-- Material for this task follows --

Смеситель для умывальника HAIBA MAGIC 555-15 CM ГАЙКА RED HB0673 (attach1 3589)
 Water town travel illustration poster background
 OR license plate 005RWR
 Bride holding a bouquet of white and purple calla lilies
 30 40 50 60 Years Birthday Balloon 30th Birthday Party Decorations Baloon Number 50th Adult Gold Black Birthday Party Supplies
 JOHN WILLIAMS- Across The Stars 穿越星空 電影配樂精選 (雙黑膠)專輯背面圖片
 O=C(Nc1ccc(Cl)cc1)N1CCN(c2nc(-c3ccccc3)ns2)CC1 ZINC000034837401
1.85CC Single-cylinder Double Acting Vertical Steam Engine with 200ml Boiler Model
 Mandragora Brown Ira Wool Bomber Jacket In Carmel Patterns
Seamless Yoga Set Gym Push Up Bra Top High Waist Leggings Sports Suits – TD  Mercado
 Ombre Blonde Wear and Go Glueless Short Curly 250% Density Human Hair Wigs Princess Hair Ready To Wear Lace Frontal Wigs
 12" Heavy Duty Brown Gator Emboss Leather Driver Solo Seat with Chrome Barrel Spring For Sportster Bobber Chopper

-- Material for this task concluded --

Work to complete:
An exact copy is required of each line from the one containing "Mandragora Brown Ira" through the last line of the material, and of no other line.

Reply:
 Mandragora Brown Ira Wool Bomber Jacket In Carmel Patterns
Seamless Yoga Set Gym Push Up Bra Top High Waist Leggings Sports Suits – TD  Mercado
 Ombre Blonde Wear and Go Glueless Short Curly 250% Density Human Hair Wigs Princess Hair Ready To Wear Lace Frontal Wigs
 12" Heavy Duty Brown Gator Emboss Leather Driver Solo Seat with Chrome Barrel Spring For Sportster Bobber Chopper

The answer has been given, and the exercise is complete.